What happened in Jena at the beginning of this week is as much a promotional event as it is self-assurance. The federal government wants to send the signal that digitalization is great and she takes great care of it. That’s why she’s bringing together all kinds of high-profile people from politics and the industry on stages at her digital summit in Jena for two days and at the same time wants to inspire local people about digitalization with publicly accessible events.

She has even learned from last year’s criticism – actors from civil society are finally represented on the stages, albeit in relatively small numbers. The presenters are the representatives of the industry – so much for advertising.

But the event should not hide the fact that the traffic light’s interim results when it comes to digital policy are rather mediocre. This is a tradition, although not a good one: the previous governments also had difficulty dealing with the issue. But the traffic light had announced improvement and seemed so ambitious that there was some hope.

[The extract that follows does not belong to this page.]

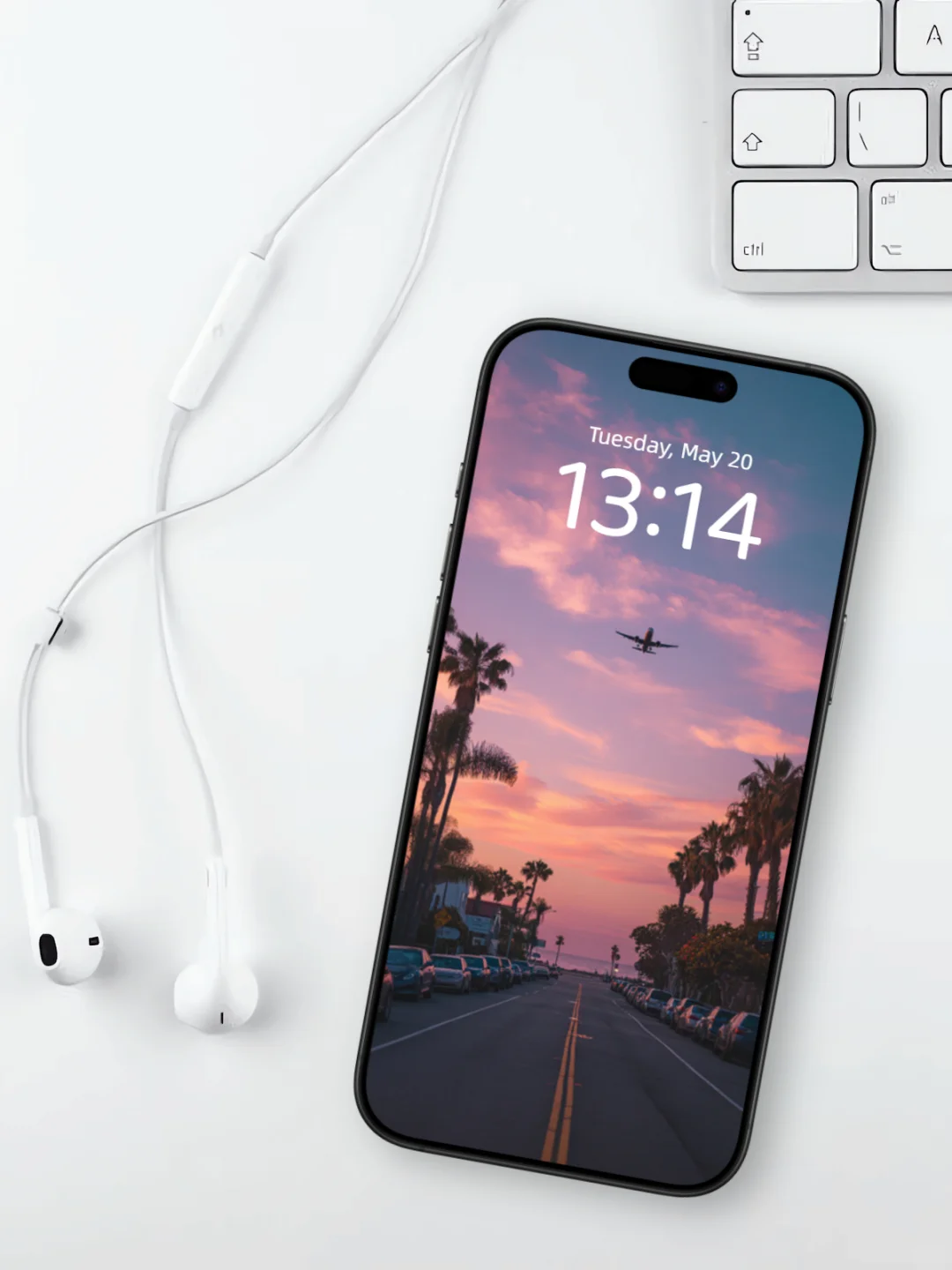 海边壁纸 l 粉色晚霞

And the practice? The digitalization The administration, which is supposed to make life easier for citizens, continues to make slow progress. The goal of offering all administrative services online by the end of 2022 has already been achieved. The situation in schools is so disastrous that relevant ambitions seem pretty far away – and no, tablets in lessons are not yet a digitalization concept.

The coalition is divided on important legislative procedures that affect citizens’ rights, such as chat control at EU level. There are too many dead spots, but too few broadband connections, and in all of this we forget that more digitization must not lead to less consumer protection: for example, when Transport Minister Wissing insists on a digital 49-euro ticket. So hopefully the government representatives will listen carefully at their own summit. And not just the industrial lobby.